Par ailleurs, la notion d’évitement est connotée. Elle suppose une stratégie ou une posture de mise à distance, de contournement. Elle est centrée sur l’institution et rend compte d’une non-conformation à l’attitude attendue. Elle ne dit rien sur les motifs de telles conduites et la production sociologique sur le sujet n’a pas livré tout ce qu’on peut en attendre : on décrit l’évitement le plus souvent de manière symétrique, comme l’envers de la recherche de l’entre-soi social (...) L’hypothèse d’une diversité des motifs (...), de même que l’analyse des choix électifs qui conduisent l’enfant dans un établissement plutôt qu’un autre et qui permettraient de donner une épaisseur sociologique à la notion, si elles ont déjà été explorées (...), sont peu systématisées.

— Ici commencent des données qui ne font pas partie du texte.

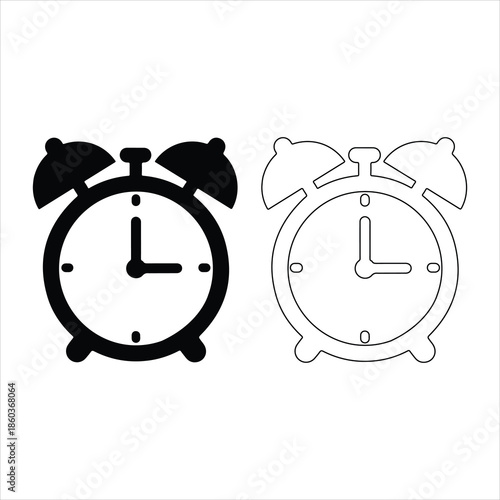 A striking black silhouette of a classic alarm clock design evoking time and morning routines silhouette.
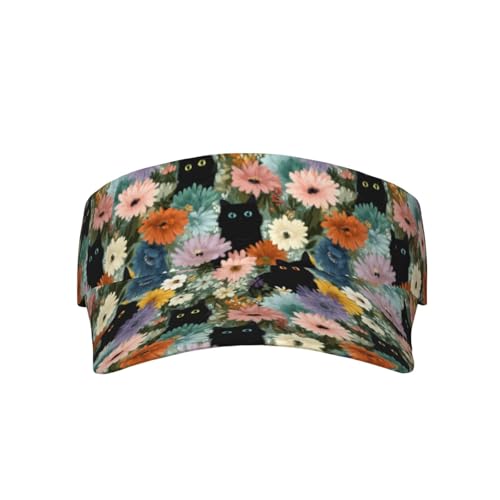 Unisex Adjustable Sports Sun Visor - color: Floral Cat
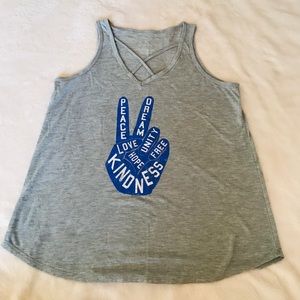 cross neck graphic tank top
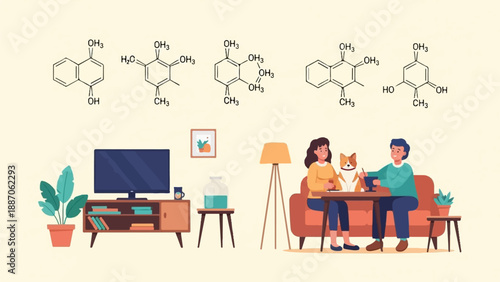 A couple with a pet dog enjoys a cozy evening at home, with scientific formulas above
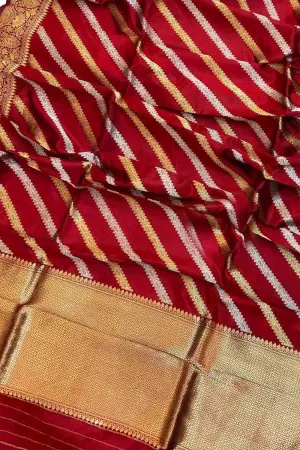 Red Banarasi Katan Silk Jaal Dupatta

Enfin, plusieurs travaux signalent que l’évitement scolaire est très largement déterminé par des données relatives au contexte territorial (présence d’établissements publics d’excellence ou jugés comme tels dans la commune ou le secteur voisin, présence ou absence d’une offre privée accessible, existence de stratégies institutionnelles ou collectives pour maintenir une certaine mixité dans l’établissement...).

Selon l’extension et l’épaisseur que l’on donnera à la notion d’évitement scolaire, sa mesure sera envisagée différemment. Les choix en la matière (définition et méthodes) dépendent aussi des motifs pour lesquels on entend la mesurer.

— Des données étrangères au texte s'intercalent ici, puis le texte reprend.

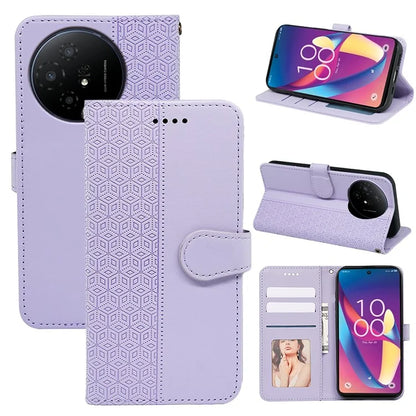 For TCL 50 XL 5G Case Cubic Grid Imprinted PU Leather Wallet Stand Phone Cover
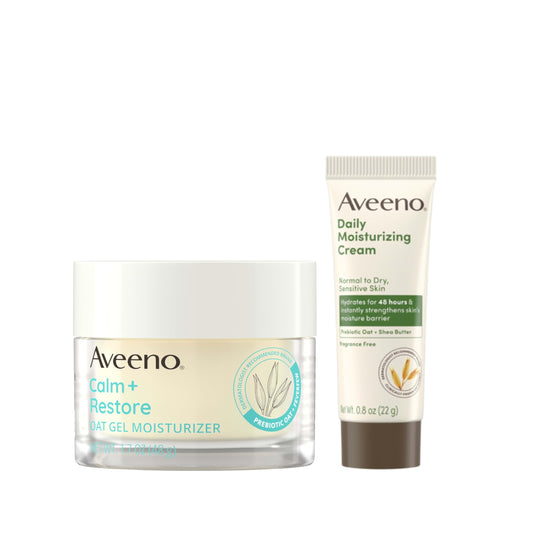 Aveeno Sensitive Skin Moisturizer Bundle – Oat Gel Face Moisturizer 1.7 oz + Trial Daily Cream 0.5 oz, Fragrance-Free, 2 Items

Quels sont les motifs d’une telle mesure ?

(...)

Le premier motif de la mesure de l’évitement peut concerner l’appréciation des indicateurs relatifs à la scolarité dans les établissements situés en ZUS...

(...)

...le deuxième motif concerne les stratégies face à « l’offre » scolaire...

(...)

... le troisième motif relève de la ségrégation sociale et urbaine des ZUS, la mesure de l’évitement faisant fonction de témoin de la sur-ségrégation que peuvent connaître les établissements situés en ZUS.

Méthode

(...)

Partir des territoires ? (...)
Partir des établissements ? (...)

Préconisations

Il paraît souhaitable et faisable d’observer l’évolution de la ségrégation des établissements situés en ZUS et d’étudier au travers d’enquêtes spécifiques les mécanismes d’évitement avec toute leur complexité.

Pour l’instant, et en l’état actuel des connaissances sur le sujet, il nous semble qu’il serait raisonnable, à l’échelon national, de distinguer deux grandes démarches :
D’une part, observer l’évolution de la ségrégation et, dans la mesure du possible, la sur-ségrégation pour les établissements scolaires situés en ZUS. Pour cela, les tentatives de géocodage des données engagées dans certaines académies peuvent constituer les premiers éléments d’une démarche à généraliser.

D’autre part, étudier, à partir d’enquêtes ou de recherches spécifiques, les mécanismes d’évitement et, a contrario, les mécanismes qui se développent en résistance ou alternative à l’évitement (...).

La première démarche ne peut s’engager sans un partenariat fort avec l’Éducation nationale, à l’échelon central ou à l’échelon académique. L’analyse territoriale qui en ressortirait doit être coproduite au risque de perdre ou de sa qualité ou de sa valeur. La seconde gagne, elle aussi, à être partenariale mais peut se satisfaire d’un portage plus léger.

Quelle que soit l’option retenue, il est indispensable de s’appuyer sur les travaux déjà engagés sur la question.
On distinguera d’un côté les travaux sociologiques, qualitatifs ou quantitatifs, destinés à rendre compte des processus à l’oeuvre, les travaux statistiques ou économétriques réalisés eux aussi par des équipes de recherche et, de l’autre, les tentatives de mesures engagées à l’échelon communal, académique ou régional, par les instances publiques en charge de la politique de la ville ou de l’éducation.

L’inventaire et l’analyse systématique de ces travaux seront engagés très prochainement.

À l’échelon local, il conviendrait a minima de signaler, dans les rapports destinés à rendre compte de l’évolution de la situation des ZUS, la manière dont sont suivies les politiques conduisant à des dérogations de la carte scolaire et plus généralement aux mécanismes de son contournement, et également d’être attentif aux processus conduisant à la disqualification de certains établissements. L’objet de ce type d’observation étant moins de produire des indicateurs que d’inciter à une attention systématique sur le sujet.